> [What this task involves]: Print, exactly as they stand, the lines below from the one that has "Ric Flair vs. Macho Man" to the one that has "Skoda Octavia 1.4", inclusive, leaving out the pictures.

> [Supplied information]:
════════
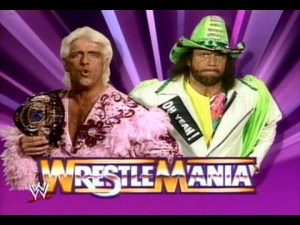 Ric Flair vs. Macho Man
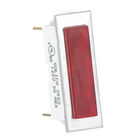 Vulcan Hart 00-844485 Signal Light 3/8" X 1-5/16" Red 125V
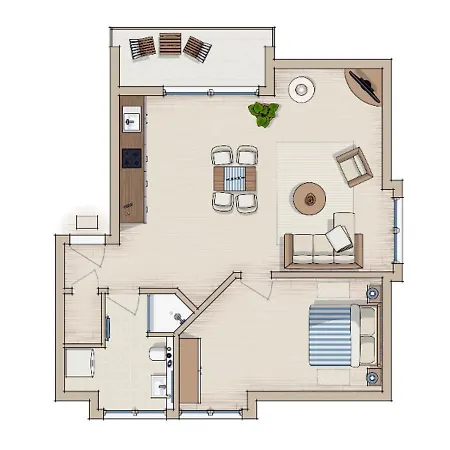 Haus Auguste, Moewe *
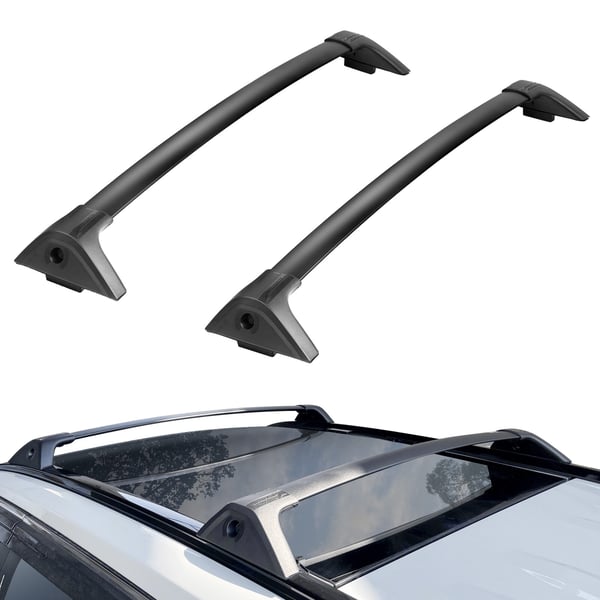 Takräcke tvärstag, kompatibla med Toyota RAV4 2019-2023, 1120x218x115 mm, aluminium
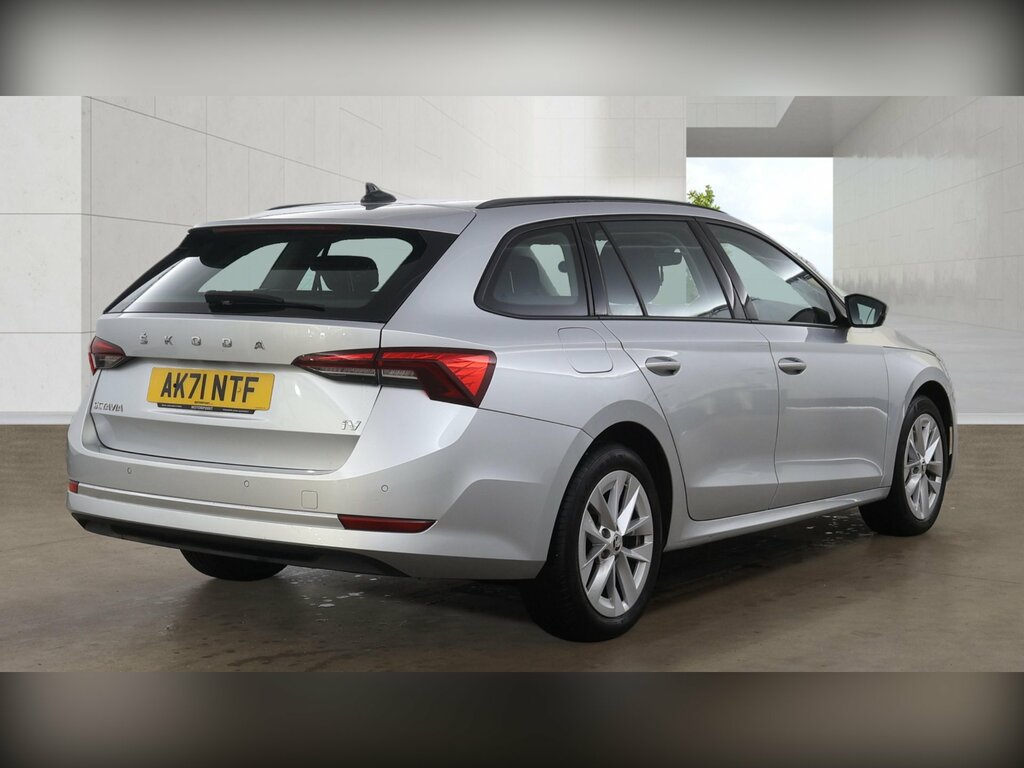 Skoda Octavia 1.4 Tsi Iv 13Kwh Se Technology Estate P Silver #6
════════
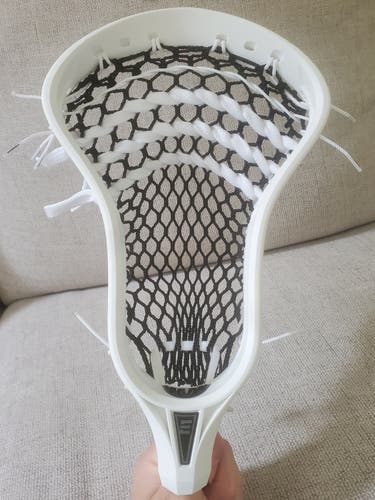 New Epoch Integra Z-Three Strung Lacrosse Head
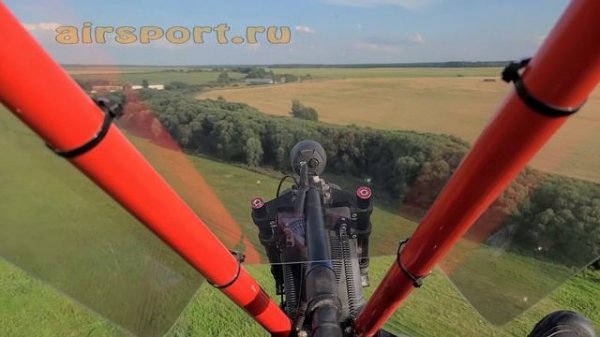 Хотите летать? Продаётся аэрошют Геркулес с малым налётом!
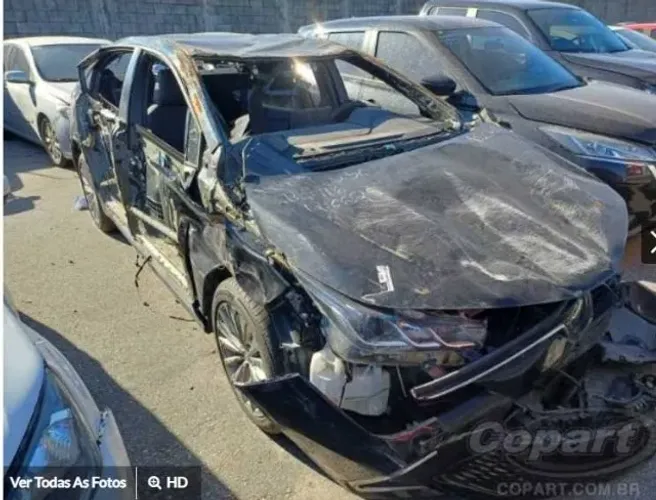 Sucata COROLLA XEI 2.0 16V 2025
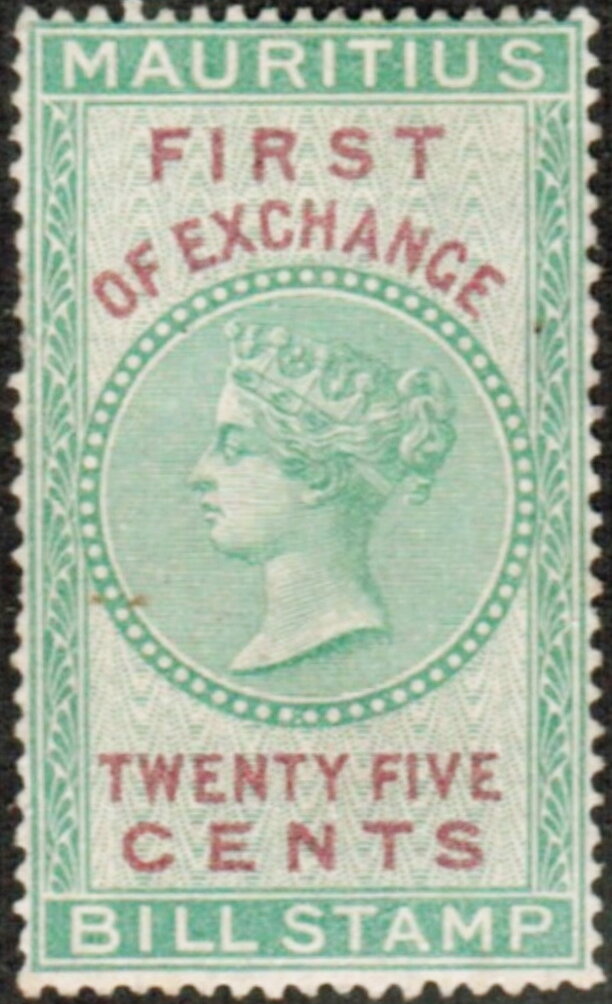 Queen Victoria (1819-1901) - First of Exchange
════════
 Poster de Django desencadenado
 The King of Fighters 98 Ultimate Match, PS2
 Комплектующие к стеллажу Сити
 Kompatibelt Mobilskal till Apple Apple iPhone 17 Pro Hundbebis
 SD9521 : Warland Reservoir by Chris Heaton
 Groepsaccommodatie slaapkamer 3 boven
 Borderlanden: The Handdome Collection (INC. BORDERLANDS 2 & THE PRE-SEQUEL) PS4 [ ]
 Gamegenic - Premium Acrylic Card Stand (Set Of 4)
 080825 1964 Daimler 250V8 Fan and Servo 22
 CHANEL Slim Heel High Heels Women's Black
════════
> [Written response]:
 Ric Flair vs. Macho Man
 Vulcan Hart 00-844485 Signal Light 3/8" X 1-5/16" Red 125V
 Haus Auguste, Moewe *
 Takräcke tvärstag, kompatibla med Toyota RAV4 2019-2023, 1120x218x115 mm, aluminium
 Skoda Octavia 1.4 Tsi Iv 13Kwh Se Technology Estate P Silver #6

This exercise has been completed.